Cette fois, les problèmes d’insalubrité semblent avoir été réglés, sauf pour les matelas «qui étaient tous déchirés». Le problème de l’eau n’a pas non plus été entièrement réglé en raison du manque de réservoir. «Les principaux problèmes ont été réglés, mais la vétusté du poste de Puvirnituq fait en sorte que les gens doivent encore manger par terre», a souligné M. Aubut-Fréchette, rappelant qu’il n’y avait pas de table dans les cellules.
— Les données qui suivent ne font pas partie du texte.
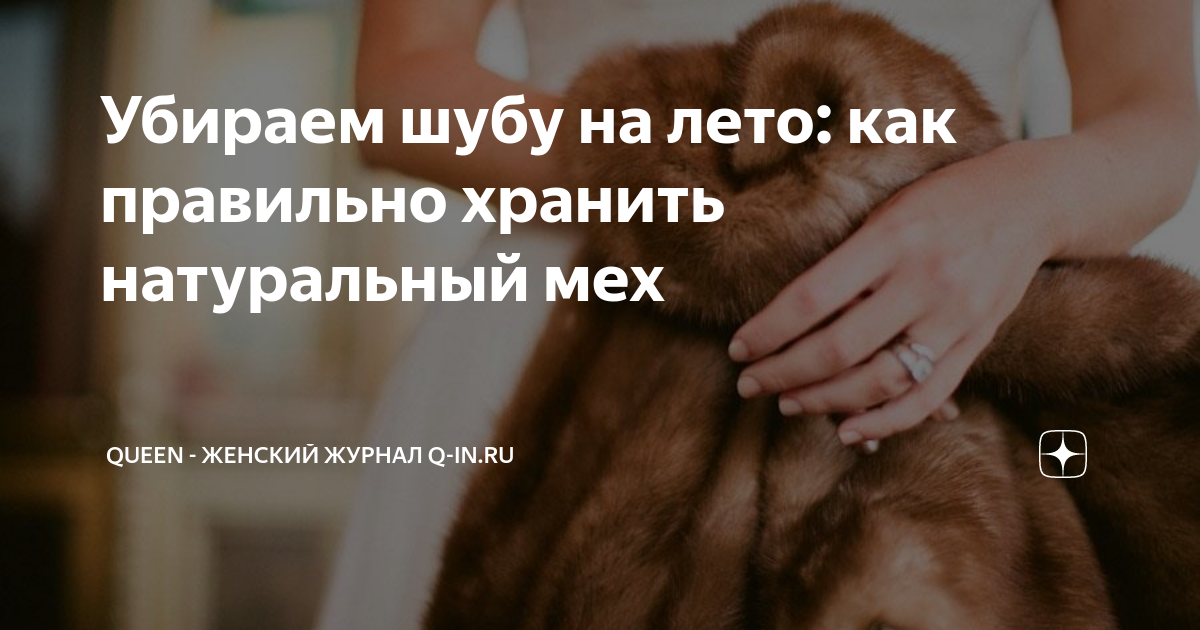 бастард примечательно к шубе. снимает шубу. смешная шуба. съели шубу. химчистка изделий из меха.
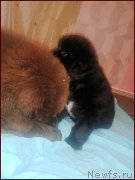 Превью фото № 168567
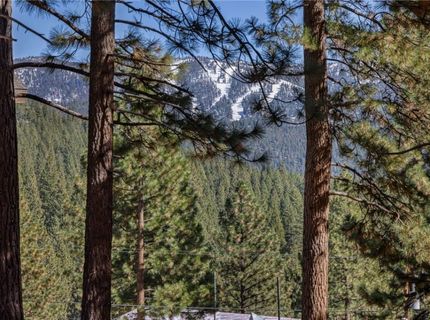 565 Alden Lane, Incline Village, NV 89451 Photo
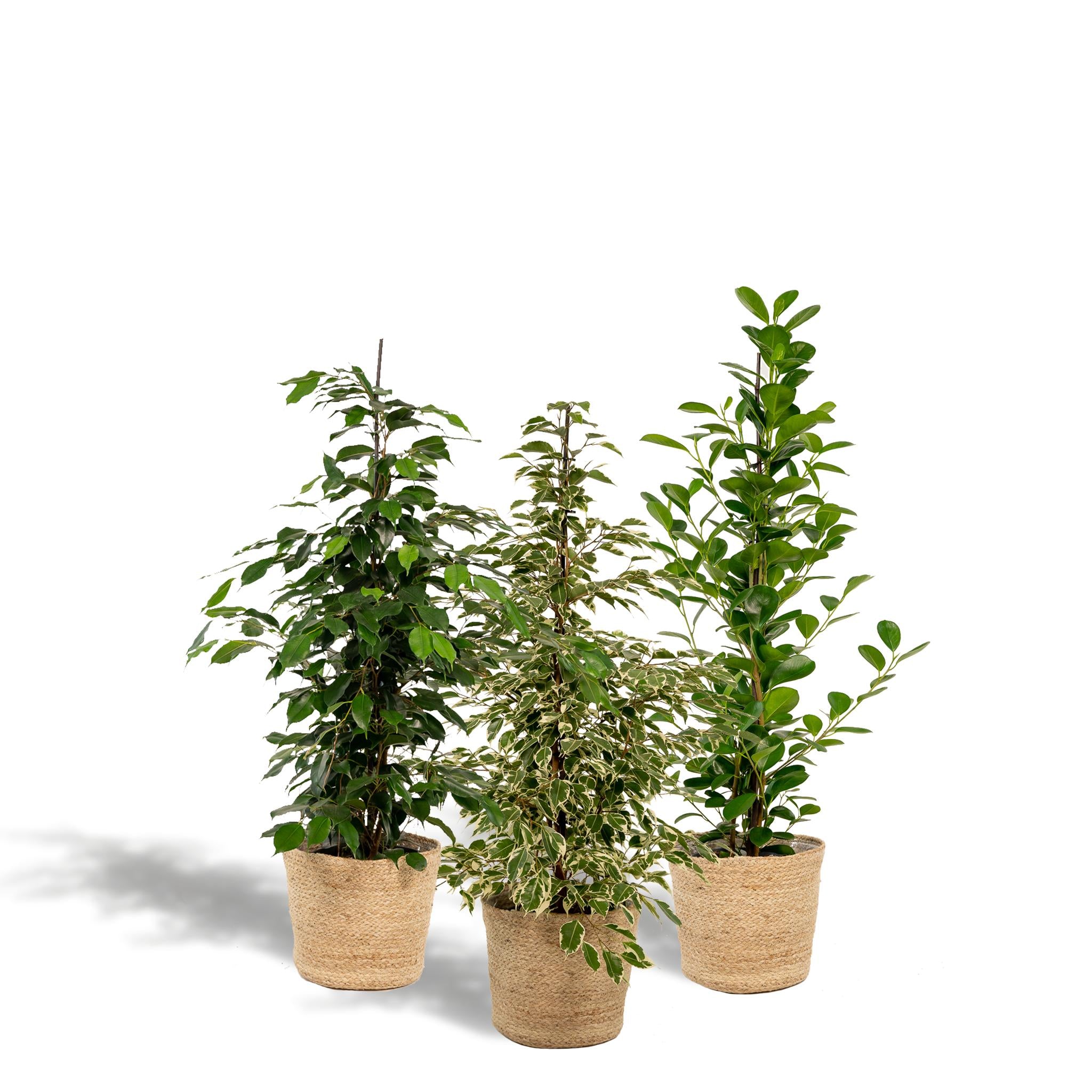 Birkenfeigen Mix - Ficus Benjamina Danielle - Ø21cm - ↕95cm + Ficus Benjamina Twilight - Ø21cm - ↕95cm + Ficus Microcarpa Moclame - Ø21cm - ↕95cm + Korb Selin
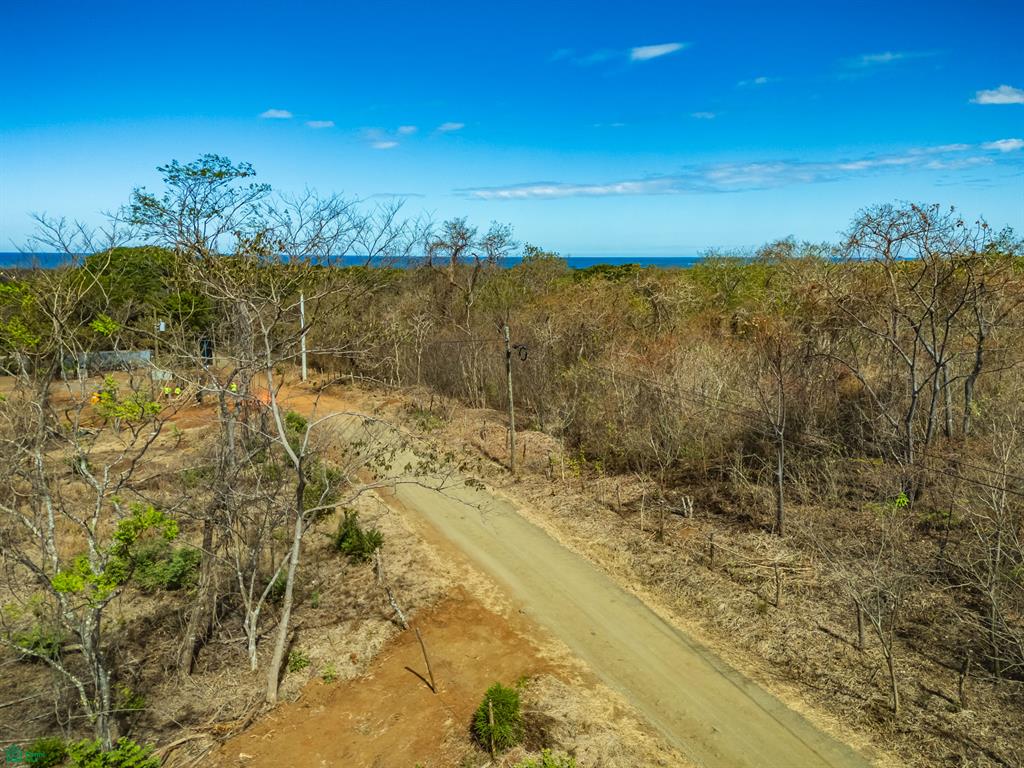 Tamarindo photo 4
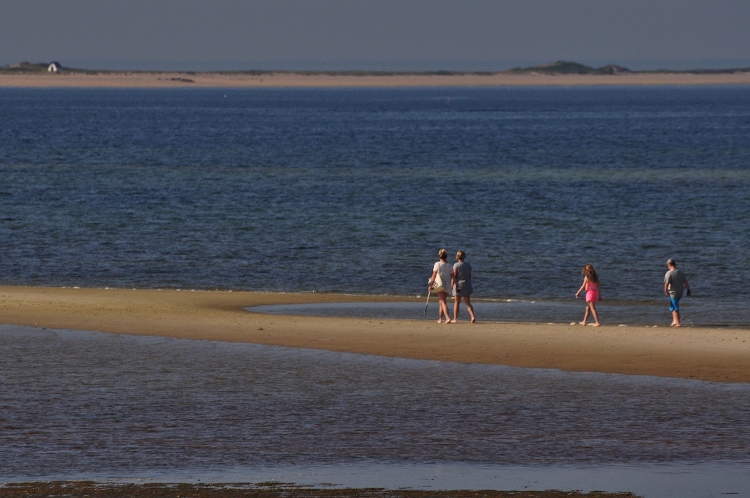 people walking sand bar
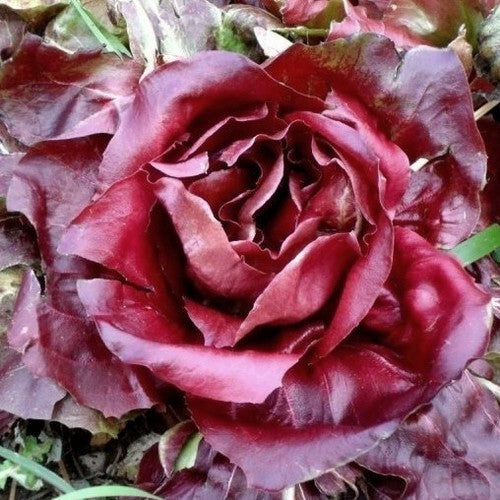 Rose lettuce 'Grumolo Rosso' 5g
Demeure aussi le problème de confinement des détenus, qui sont dans leurs cellules 24 heures sur 24 faute d’aire commune. C’est contraire à la loi, rappelle M. Aubut-Fréchette. Seul l’établissement de détention de Kuujjuaq possède une cour, mais elle n’est toujours pas utilisée, a-t-il déploré. Et plus de deux ans après la sortie du rapport, l’angle des caméras de surveillance, qui pointe la toilette de chaque cellule, n’a pas non plus été modifié par le Service de police de Puvirnituq.
Améliorations
Des vols nolisés ont toutefois été ajoutés entre l’Abitibi et le Nunavik afin de réduire le nombre de personnes en détention dans les cellules, et les effets personnels des détenus, qui étaient très souvent égarés, sont désormais entreposés correctement.
En 2016-2017, de toutes les plaintes concernant l’administration publique reçues par le Protecteur du citoyen, 4885 (41%) touchent les services correctionnels du Québec, dont à peine 23 proviendraient d’autochtones. La protectrice du citoyen, Marie Rinfret, a reconnu que son bureau n’a pas le portrait juste de la situation des autochtones puisqu’il ne comptabilise pas les données sur les origines afin d’écarter toute apparence de profilage. Elle a aussi admis que très peu d’autochtones avaient recours à son service, ignorant fort probablement son existence.